Although she had no formal education, she could neither be described as ignorant nor un-educated. She was wise.
Her wisdom was expressed by Proverbs.
“You know a person by the company they keep.”
She repeated this to her Children, her Grand-children, and Great-grandchildren.
She would deliver the saying then explain what it meant, and how to apply it to life.
We reckon, for nobody ever counted, she had more than 500 proverbs. I first noticed that her “recipes” for Cooking were expressed this way, to give the ingredients and their ratios. She recounted Proverbs for Life, for married life and family life, for Farming, relationships with the land and water, when to sow and when to harvest, the best time for the “matanza” to turn Pig into Chorizo and Jamon, for relations with friends and neighbours:
“Good walls make for good neighbours!”
Many sayings were derived from the Biblical Book of Proverbs,
but even more clearly came from folk wisdom,
garnered through centuries living and working in the same part of Spain.
You will be glad to know that I will spare you from lists of examples,
mainly because she spoke them in Castilian Spanish, but often in a dialectal form.
They were understood by her and were “her way of thinking”.
So, I am no stranger to Proverbs.
My question is “Can a 21st century Sales Methodology be built on Proverbs?”
We could use expressions like :
· Haste makes waste
· A stitch in time saves nine.
· Ignorance is bliss
· Better late than never
· You can catch more flies with honey than
you can with vinegar.· You can lead a horse to water,
but you can't make him drink.
· Those who live in glass houses shouldn't throw stones.
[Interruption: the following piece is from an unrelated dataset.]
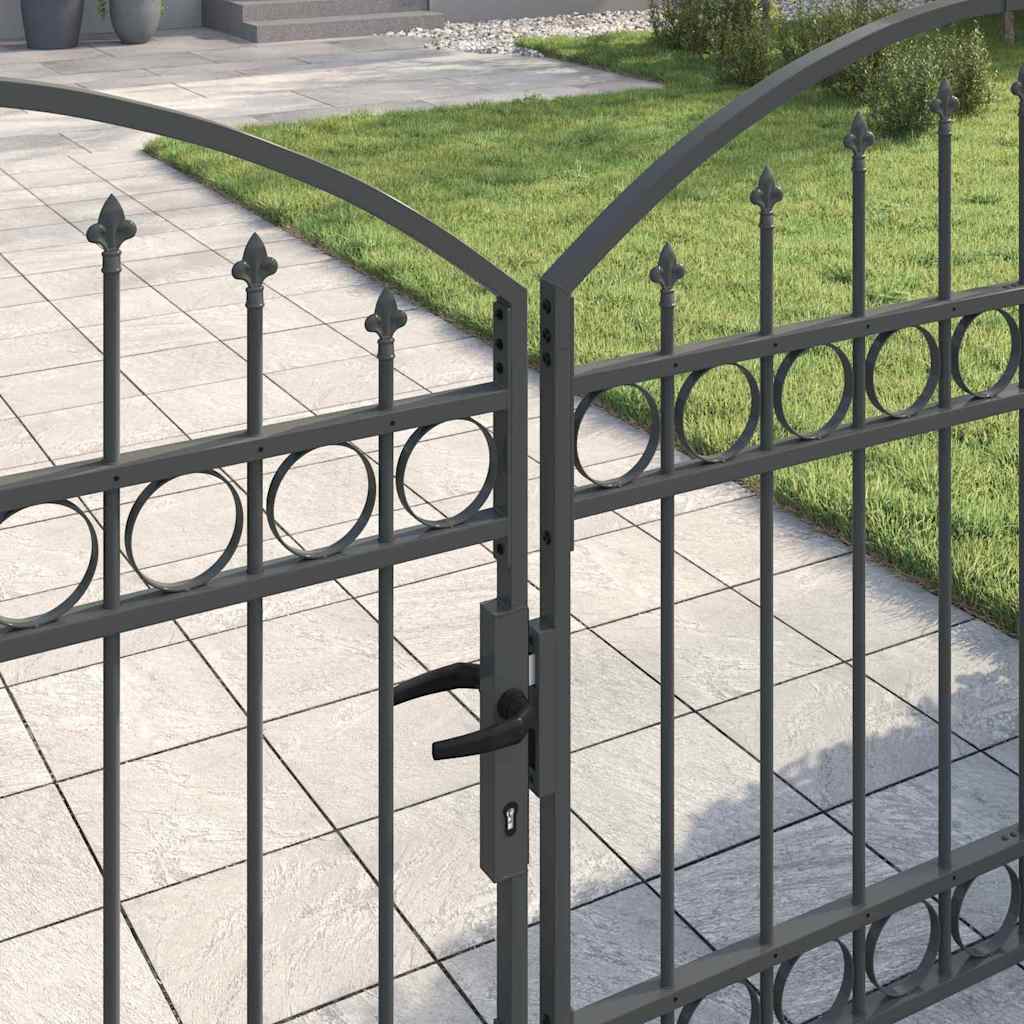 Cancello per recinzione ASSEN 301 x 175,5 cm Acciaio Grigio | homemem39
· A bird in the hand is worth two in the bush.
· A little learning is a dangerous thing.
And easily make them apply to Sales and Selling,
“People who live in glass houses shouldn't throw stones” could apply to relationships with the Competition.
A commonly used proverb is “Don’t knock the Competition”
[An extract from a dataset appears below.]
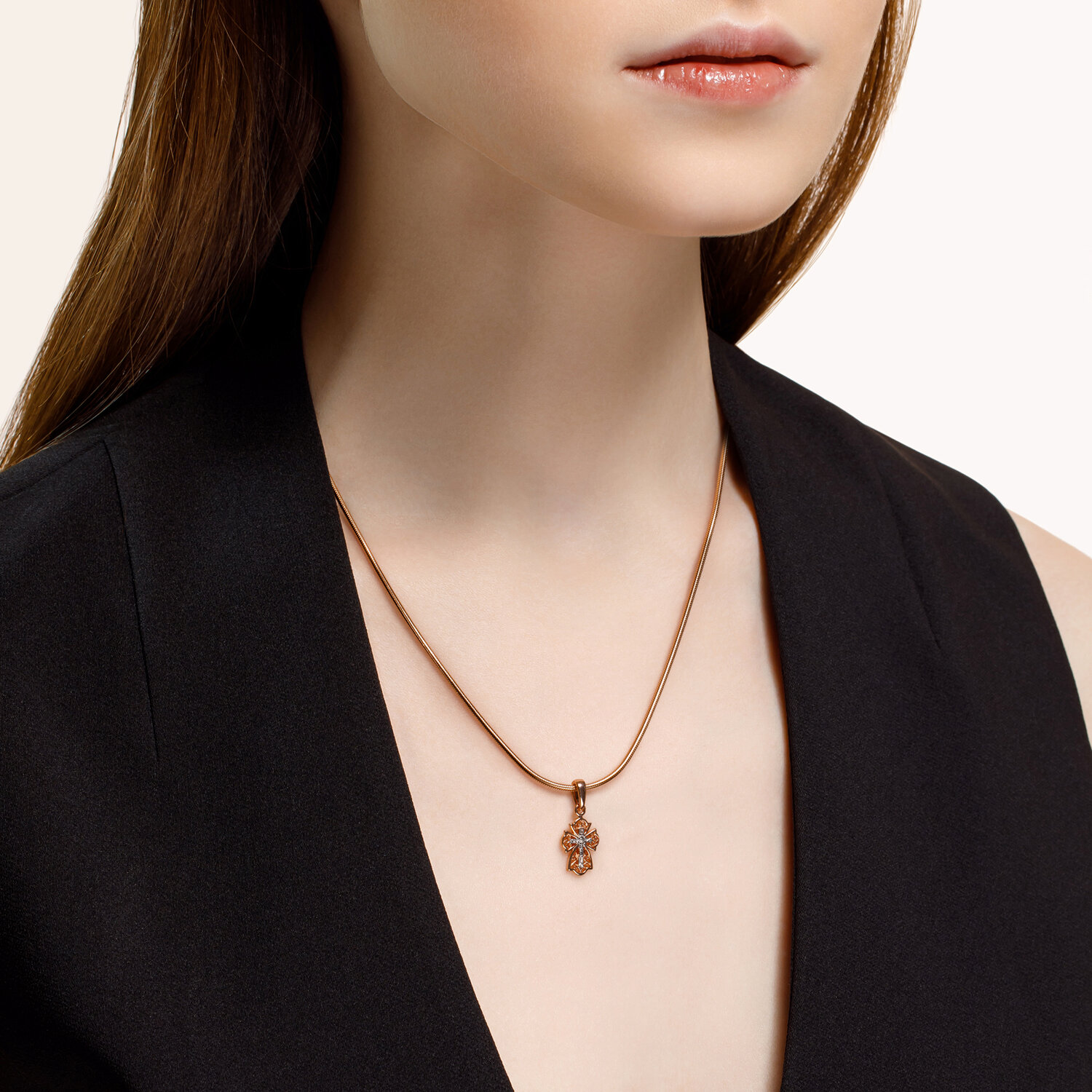 Cruce Sokolov din argint placat cu aur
but what does that mean in a 21st century “Modern Selling” setting.
Is it glib? Has it become a cliché?
Does “A bird in the hand is worth two in the bush” mean that in Sales we should only pursue “sure things?”
or only take small deals or stay out of the sales underbrush and beware of Poison Ivy?
Could a Salesperson justify keeping damaging information from a customer by declaring
“Ignorance is bliss?”
Can unethical behaviour by Salespeople be justified under cover of Hyperbole
“All is fair in love and war [or sales]”
Or should we use the nemesis to successful Selling “ABC Always be Closing!”
In these “modern times” the anti-proverb is more widely used:
"Nerds of a feather flock together” could describe Facebook or perhaps better Twitter!
My answer to the question is NO!
A 21st Century Sales Methodology, CANNOT be based on Proverbs.
It leads to Sales Myopia and a Dysfunctional Selling situation.
Sales time and energy is wasted on a simple quick answer inappropriate to a Complex Selling. The basis of all FUNCTIONAL Sales methodologies is in Sales Behaviour. DOING the right thing, in the right way, at the right time, during the right circumstances not regurgitating a cliché.
Evidence Based Selling Skills
rest in Identifying FUNCTIONAL Selling Behaviours,
in LEARNING how to execute those Behaviours
and in actually DOING them.
Here is a little evidence, a BMAC Study of 150 Salespeople identified as Sales “Poor Performers” by their Manager and Peers’ opinions, as well as by their actual Sales Results and confirmed by the results of Sales Skills Assessment;
90% described themselves as “Skilled in Sales Methodology.”
Almost all long-term “Poor Performers” describe themselves as able to sell,
yet the evidence is overwhelming that they cannot!
The use of Proverbs as a Sales methodology
I would simply describe as:
“A little learning is a dangerous thing.”